So says Sean Collier on Pittsburgh Today, and it’s just one of the many strong notices that Prime Stage Theatre’s Frankenstein has garnered since its opening on November 5.

You can catch the entire Pittsburgh Today review by clicking the player at the bottom of this post.

<<< Everett Lowe as the Creature and Maddie Kocur as Justine Moritz.

Also out is a strong review from Broadway World, which has some terrific things to say about Everett Lowe’s performance as The Creature:

The show is at its best in any sequence involving Lowe, whose physicality is somewhere between a jungle animal and the carefully precise danger of a Michael Myers type.

Gone are the green skin, the bolts and the stitches of modern myth; Connolly’s adaptation makes it very clear (without using twenty-first century terms) that Frankenstein isn’t a stitched-up corpse or even a cyborg but an android, a truly artificial, synthesized form of life using biomechanical engineering. With his menacing stature, aquiline nose and deep, deep voice, Everett Lowe gives the great Clancy Brown a run for his money in the realm of enormous, well-spoken sepulchral bruisers.

You can read all of Greg Kerestan’s Broadway World review here.

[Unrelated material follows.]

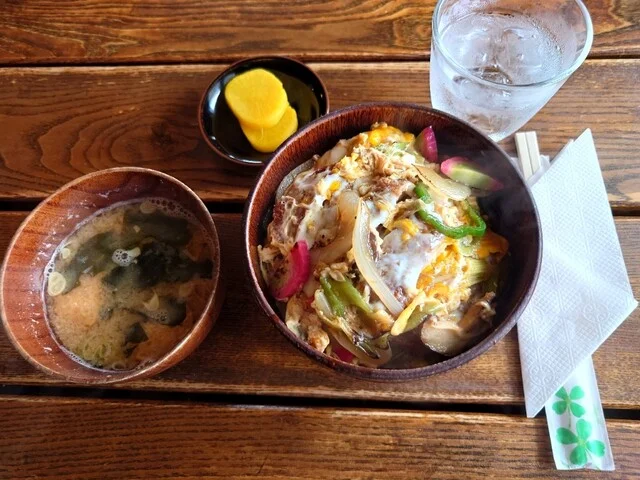 MONK（モンク） - 帯広（喫茶店）の写真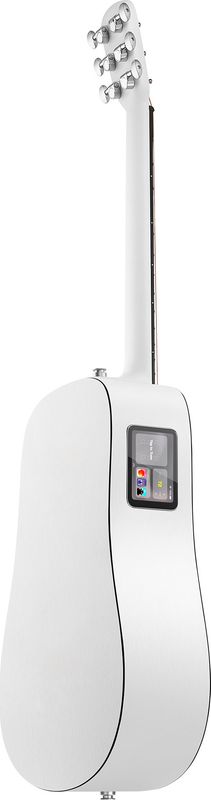 Lava ME Play Frost White m/ Lite Bag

Isaac Miller as Victor Frankenstein and Everett Lowe as the Creature.>>>

Also praising Lowe’s performance (as well as those of the other actors) is Clair DeMarco, who reviewed the play for ‘Burgh Vivant, Pittsburgh’s Late-Night Talk Show:

Lowe is outstanding as the creature. He is not one-dimensional but clever, cunning, cruel and confused.

[Isaac] Miller as Victor displays a range of emotions from a stable, normal human wanting to create a perfect human to an almost crazed individual as he pursues the creature. 

The review also praises the work of Lighting Designer Hope Debellius and Sound Designer Mark Whitehead. You can read it all here.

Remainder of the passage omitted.